Frente al hospital yacían dos cuerpos sobre el asfalto. Se acercó hasta ellos. Tenían la piel amoratada, las piernas encogidas, las manos tapaban los oídos. Tocó su frente. Al contacto con los dedos cálidos, brotó un ligero reguero de sangre. Cerró los ojos y se desplomó.
“Ha estallado. Todo ha muerto”.
Vio lacias las hojas de los árboles. Caían de las ramas con el viento frío y llegaban al suelo posándose con suavidad.
“¡Elisa! ¡Sergio!
Comenzó a caminar enfebrecido. Intentó correr. Tuvo que detenerse, el mundo daba vueltas a su alrededor. Se recostó sobre una pared y al fondo de la calle vio tres coches cruzados, subidos a las aceras. Sus conductores estaban recostados sobre el panel de dirección tapándose los oídos con sus manos.
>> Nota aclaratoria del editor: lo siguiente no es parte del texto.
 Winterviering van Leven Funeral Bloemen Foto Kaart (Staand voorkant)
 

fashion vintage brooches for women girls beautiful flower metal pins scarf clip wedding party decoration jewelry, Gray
El sol había salido como él lo recordaba. Dio unos pasos para comprobar su estabilidad y pudo seguir caminando. A su alrededor, en cualquier dirección, yacían cuerpos en igual postura, caídos de costado, con las rodillas encogidas hacia el pecho y las manos sujetando ambos lados de la cabeza.
Adán solamente se preocupaba de la longitud de la avenida. Quedaban kilómetros para su destino y se encontraba débil. Le aterrorizaba el silencio, el silencio del viento del amanecer. Se atemorizaba de sí mismo, de su final. Cruzaba los brazos agarrándose con fuerza a los hombres y en sus ojos comenzaban a convivir lágrimas de rabia y de dolor.
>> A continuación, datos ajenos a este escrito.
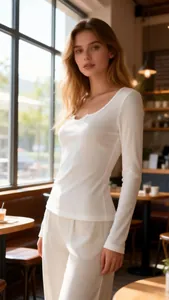 Detail view of a white ribbed long-sleeved T-shirt with a stylish double U-neck design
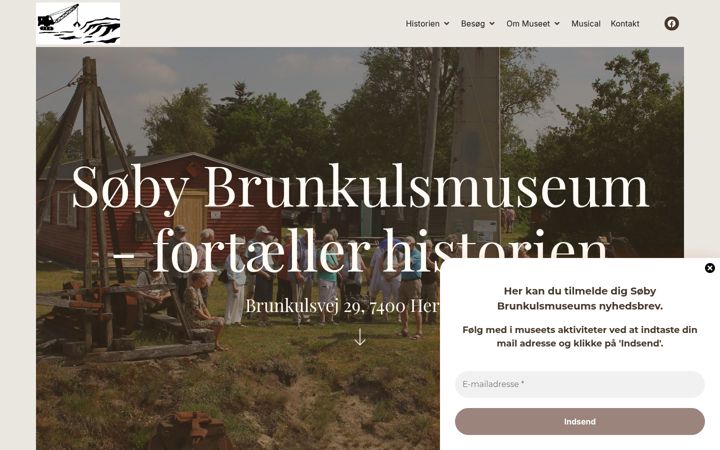 Screenshot of brunkulsmuseum.dk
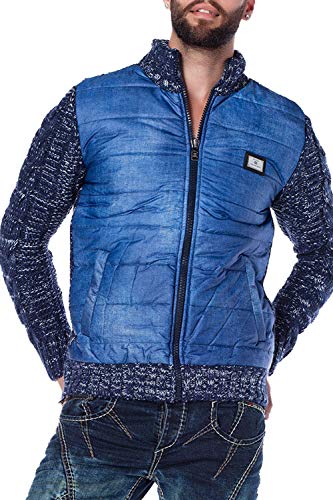 Cipo & Baxx Herren Strickjacke Stepp Jacke Übergangsjacke Pullover Sweater Sweatjacke Materialmix Blau L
“Todo está acabado. Hemos destruido el mundo. Los hombres han vencido en su batalla contra el hombre”.
Seguía la línea recta de la avenida. Los ojos semicerrados miraban hacia la barandilla del Ebro. El agua continuaba su camino sin la esperanza de dar vida. Bajo el puente de Piedra se escapaban dos mil años de historia. Sobre sus arcos yacían más zaragozanos. Muertos. Cada pisada aguantaba frágilmente el peso de su cuerpo. Cada pisada hacía caer al suelo una lágrima de impotencia.
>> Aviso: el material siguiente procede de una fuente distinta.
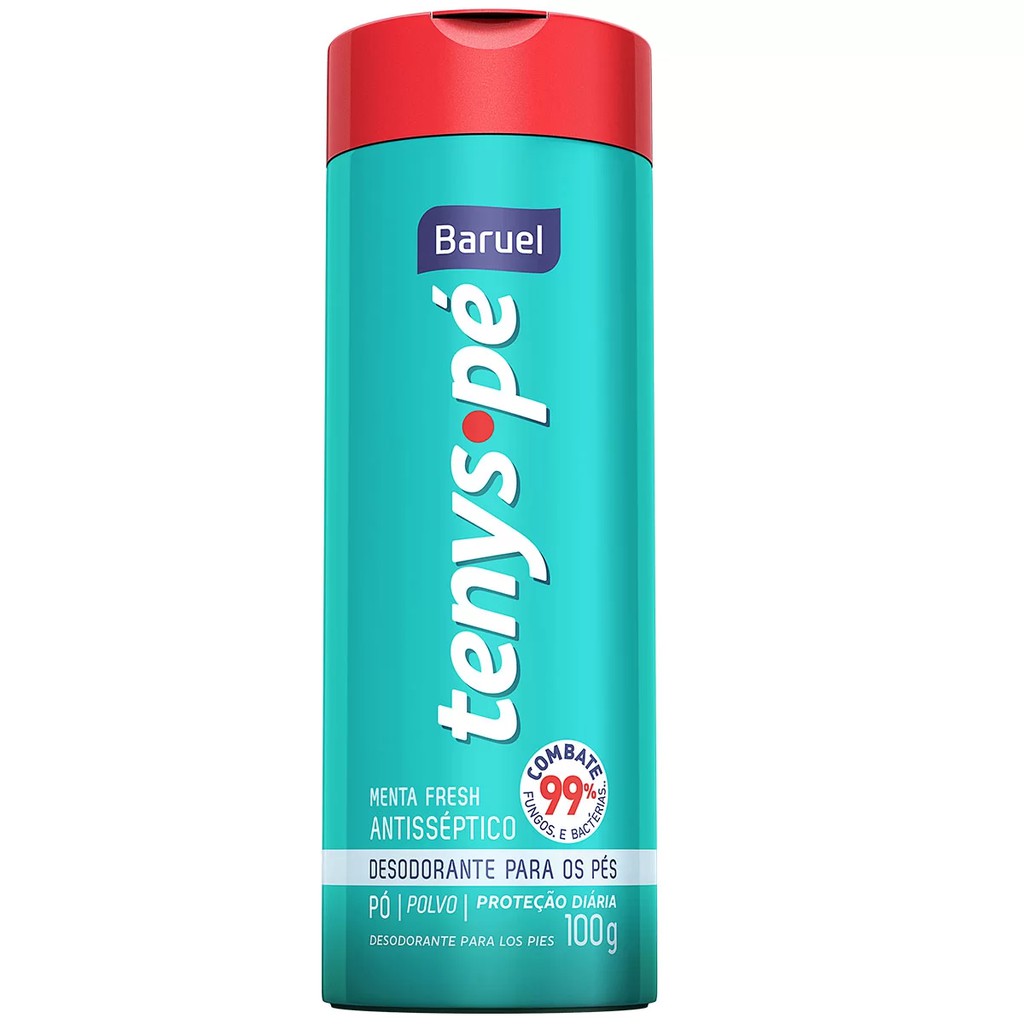 Talco Tenys-pé Antisséptico Baruel Pó Menta Fresh 100g Original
Ni un ápice de vida. No quería escuchar el susurro del agua. Atraía a su mente recuerdos de la Historia que estudió en las aulas viejas del colegio de Montemolín. Los hermanos elogiaban el espíritu del hombre y sus logros en el tiempo. ¡Qué ironía!
Ahogaba los kilómetros de la avenida con la vista del río que no había muerto y con sus nostalgias inútiles. Se resistía a evocar a Sergio, a Elisa. Tenía miedo a desfallecer.
Su calle estaba vacía, silenciosa, iluminada. Los muertos la habían respetado. Se detuvo ante el portal y miró arriba, al tercer piso, el último del edificio. Había una ventana entreabierta. Entró al patio y acarició las plantas artificiales. Evitó la espera del ascensor y subió una a una, lentamente, las escaleras. Buscó en sus bolsillos las llaves y encontró la cartera. Se le cayó de las manos. Quedó abierta en el suelo mostrando una fotografía de tres personas sonrientes. La pisó. Entró en casa. Caminó hasta el dormitorio. Empujó la puerta suavemente esperando lo imposible. Elisa abrazaba a Sergio. Un hilo de sangre seca descendía de su oído derecho. Apenas podía ver a Sergio. La madre lo protegía con todo su cuerpo. Adán se acercó sereno y besó sus mejillas. Se sentó en el borde la cama y abrió el cajón de la cómoda. Cogió la pistola, la apoyó en su sien y disparó.